I guess I should pause here, in case someone else reads this love letter, to clarify why I’m calling you by your original name, “Methodist Movement,” and not, “Methodist Church.” I’d like to think that on your best days, despite the insurmountable red tape created by overly legal procedures, you are still an active movement marked by a dogged pursuit of personal and social holiness, evangelical zeal, and grace that seeks to make space for everyone to respond to the demanding call to follow Jesus.

But, after weeks like this past week, where do we go from here?

I’m not entirely sure I know the answer to that question. I think we fail to do you proper justice by continuing to meet in that toxic, three-ring circus we call a General Conference. I think we fail you when we choose to favor winning sides instead of God’s grace. We fail you when we choose to speak ill of brothers and sisters in Christ and fail to heed the rules you whisper time and again into our angry hearts: “Do no harm ... Do good ... Stay in love with God by way of the means of grace.”

You deserve better than we gave you in St. Louis.
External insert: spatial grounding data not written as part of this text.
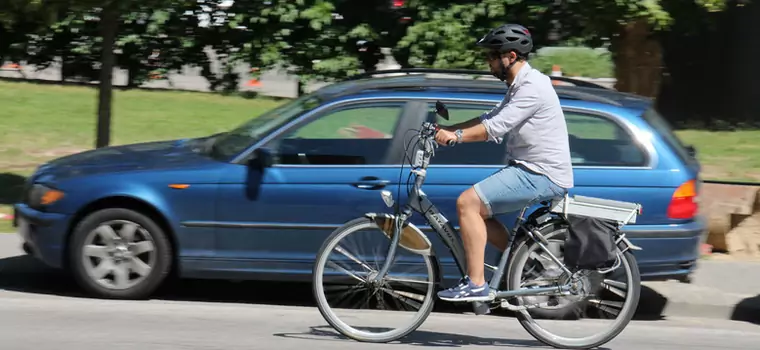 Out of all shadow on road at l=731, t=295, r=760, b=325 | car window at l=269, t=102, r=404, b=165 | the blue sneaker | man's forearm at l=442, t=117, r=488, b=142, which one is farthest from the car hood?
shadow on road at l=731, t=295, r=760, b=325

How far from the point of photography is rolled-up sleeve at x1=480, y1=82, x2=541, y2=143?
536cm

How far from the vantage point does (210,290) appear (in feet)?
24.8

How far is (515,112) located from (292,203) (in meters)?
1.79

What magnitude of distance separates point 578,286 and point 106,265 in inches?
116

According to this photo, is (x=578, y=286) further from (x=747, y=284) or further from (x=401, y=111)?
(x=747, y=284)

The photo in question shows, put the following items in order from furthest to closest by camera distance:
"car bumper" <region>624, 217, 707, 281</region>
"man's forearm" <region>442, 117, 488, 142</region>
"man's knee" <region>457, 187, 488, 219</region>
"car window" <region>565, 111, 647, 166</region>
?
"car window" <region>565, 111, 647, 166</region>
"car bumper" <region>624, 217, 707, 281</region>
"man's knee" <region>457, 187, 488, 219</region>
"man's forearm" <region>442, 117, 488, 142</region>

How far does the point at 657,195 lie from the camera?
6535 mm

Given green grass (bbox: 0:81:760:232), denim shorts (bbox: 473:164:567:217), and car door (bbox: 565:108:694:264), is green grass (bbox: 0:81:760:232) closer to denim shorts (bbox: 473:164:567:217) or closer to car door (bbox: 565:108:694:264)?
car door (bbox: 565:108:694:264)

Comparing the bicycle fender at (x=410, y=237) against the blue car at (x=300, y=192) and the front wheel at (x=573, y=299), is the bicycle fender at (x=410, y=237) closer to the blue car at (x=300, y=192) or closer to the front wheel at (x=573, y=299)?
the front wheel at (x=573, y=299)

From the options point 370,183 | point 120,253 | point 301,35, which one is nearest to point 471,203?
point 370,183

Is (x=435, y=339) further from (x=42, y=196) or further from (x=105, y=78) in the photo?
(x=105, y=78)

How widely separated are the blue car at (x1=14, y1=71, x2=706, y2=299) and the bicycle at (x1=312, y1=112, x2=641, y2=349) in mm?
790

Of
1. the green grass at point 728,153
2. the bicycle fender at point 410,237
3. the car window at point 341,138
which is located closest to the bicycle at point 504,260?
the bicycle fender at point 410,237

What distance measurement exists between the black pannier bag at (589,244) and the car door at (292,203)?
135 centimetres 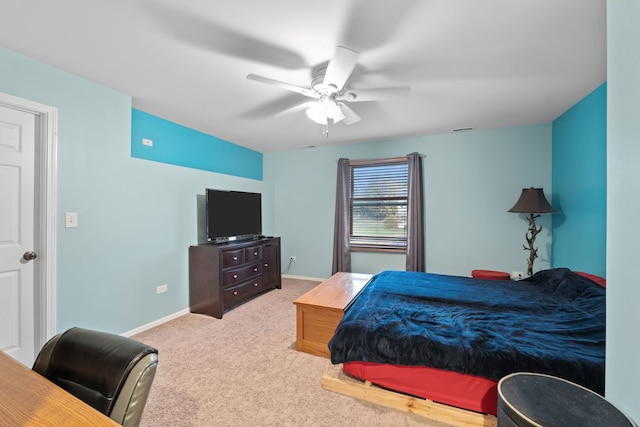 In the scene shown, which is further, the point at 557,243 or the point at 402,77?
the point at 557,243

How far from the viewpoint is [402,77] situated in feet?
7.59

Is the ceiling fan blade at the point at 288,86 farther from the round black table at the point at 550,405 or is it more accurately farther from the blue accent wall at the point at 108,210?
the round black table at the point at 550,405

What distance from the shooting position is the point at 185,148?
3.69 meters

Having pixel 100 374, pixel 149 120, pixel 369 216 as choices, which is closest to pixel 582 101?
pixel 369 216

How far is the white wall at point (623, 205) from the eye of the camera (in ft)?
2.69

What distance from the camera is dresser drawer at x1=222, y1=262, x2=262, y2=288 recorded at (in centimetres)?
327

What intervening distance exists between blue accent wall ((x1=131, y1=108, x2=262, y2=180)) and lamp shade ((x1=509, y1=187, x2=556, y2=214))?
4.17 metres

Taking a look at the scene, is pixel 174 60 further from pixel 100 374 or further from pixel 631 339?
pixel 631 339

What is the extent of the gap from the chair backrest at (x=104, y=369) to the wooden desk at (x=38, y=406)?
0.08 meters

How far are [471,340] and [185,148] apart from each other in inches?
152

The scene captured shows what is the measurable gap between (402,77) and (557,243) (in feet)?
9.71

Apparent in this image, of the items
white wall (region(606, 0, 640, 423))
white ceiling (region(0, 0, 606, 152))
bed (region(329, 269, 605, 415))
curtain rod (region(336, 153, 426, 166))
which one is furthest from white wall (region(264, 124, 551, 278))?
white wall (region(606, 0, 640, 423))

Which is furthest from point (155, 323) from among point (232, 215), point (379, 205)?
point (379, 205)

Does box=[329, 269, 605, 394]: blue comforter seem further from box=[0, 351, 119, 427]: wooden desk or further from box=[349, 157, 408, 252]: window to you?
box=[349, 157, 408, 252]: window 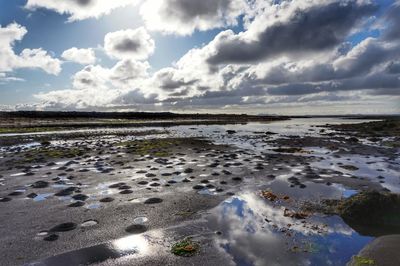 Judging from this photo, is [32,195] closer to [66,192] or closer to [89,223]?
[66,192]

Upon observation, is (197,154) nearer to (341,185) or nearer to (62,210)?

You deserve better than our constant infighting. You deserve better than 40+ years of decline because we prioritize self-preservation, a bloated bureaucracy, and our own personal preferences over the Great Commission and Great Commandment Christ gave us, shaped by the distinctly Wesleyan flavor you taught us. You deserve better. And so does God.

We don’t need the bishops or General Conference to give us a way forward. The way forward is as ancient and as life-changing as our faith itself – lay down your life ... take up your cross ... follow Jesus. Maybe if we can make that the purpose of our life together instead of all of the junk that seems to hold too much of our attention, you’ll start to look like your old self again – vibrant, alive, innovative, and on the move again seeking to change hearts and lives through the power of Jesus Christ.

It’s been a rough few years, but we’re still here with you. And grace is still here too. I really hope we can do better together.